From bad to worse in Venezuela
By A. M. Mora y Leon, The American Thinker
08.11.04 - The great unreported story of the past week was Venezuelan Castrophile President Hugo Chavez's nearly total consolidation of power. Last weekend, in miserable elections that were mostly ignored by dispirited voters, Chavez "won" 21 out of 23 governors' seats. Venezuela's voters were still bitter over the stolen recall referendum last Aug. 15 and concluded that their votes didn't matter. But that consolidation of power is rapidly moving Venezuela, a country that supplies a sixth of the U.S.'s oil, deep into totalitarianism.
Chavez's first move since becoming 'El Supremo' is to settle old scores. Enemy number one is the media. Venezuela has an authentic independent press that freely scrutinizes Chavez's every move, and he's long demanded that they stop. He's a touchy dictator and feels threatened by criticism. So he's long warned them, with dangerous results. Since his consolidation, some leading news outfits, such as Gustavo Cisneros' Venevision, have gone from feisty wildcats to pliant hamsters, practicing self-censorship in the hopes that the censor's blade won't fall upon them. But such appeasement hasn't done them much good. Hugo Chavez has every intention of enacting laws to clamp down on the media, ending the one final weapon the Venezuelans have against their descending night totalitarianism
It's a terrible spectacle indeed. Already the Chavistas control the courts. They control the voter rolls and vote-counting apparatuses. They control the legislature and now the governorships. They control the once-meritocratic state-owned oil company, PdVSA, now running it through ignorant political hacks. They plan Zimbabwe-style expropriations against private property, a threat they will probably carry out. They control the army and are about to absorb the police - whom they don't control. They control the currency through capital controls and have designs on taking over the central bank. They have persecuted non-partisan political organizations like Sumate and now, have begun rounding up and murdering dissident military men. They control every institution in the country.

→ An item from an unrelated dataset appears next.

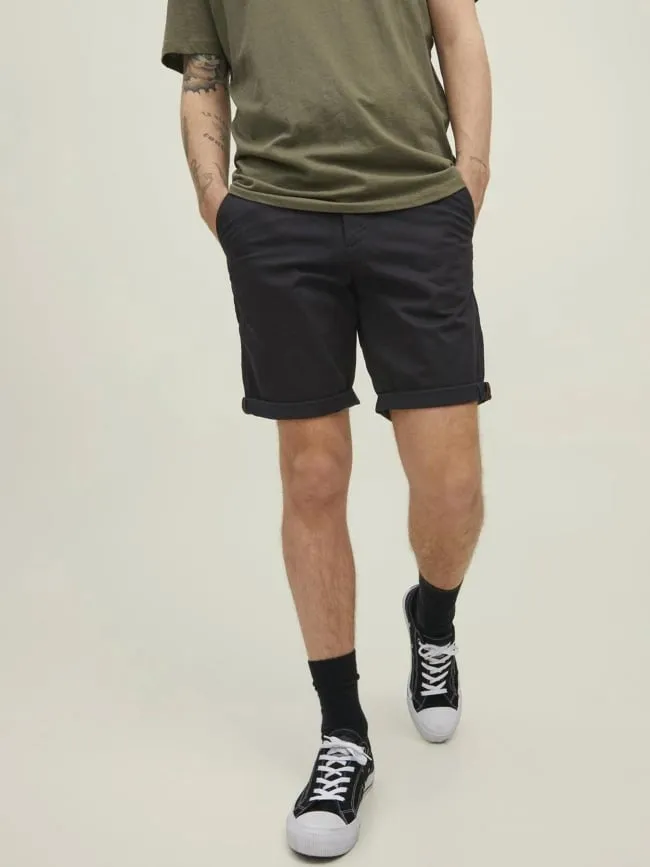 Short chino bowie noir homme - Jack & Jones | wimod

The last line of defense now is the media. And they want control of that, too. To keep us all in the dark - and it will probably in the end destroy the blogs and English-language media, too. After destroying the media, there won't be much else to take over in Venezuela. The Chicago Tribune writes an excellent summary of the scope of this slowly shutting curtain on events in a totalitarian state. It can only be hoped that the OAS, still smarting from its own disgraceful performance in the Aug. 15 recall referendum, steps up to the plate and demands it be stopped. And if we want to keep knowing what's going on down there, we should, too.
UPDATE: Aleksander Boyd, of Vcrisis (essential reading for those following Venezuela), reports that there is reason to suspect that Chavez may have used assasination to deal with a troublesome opponent.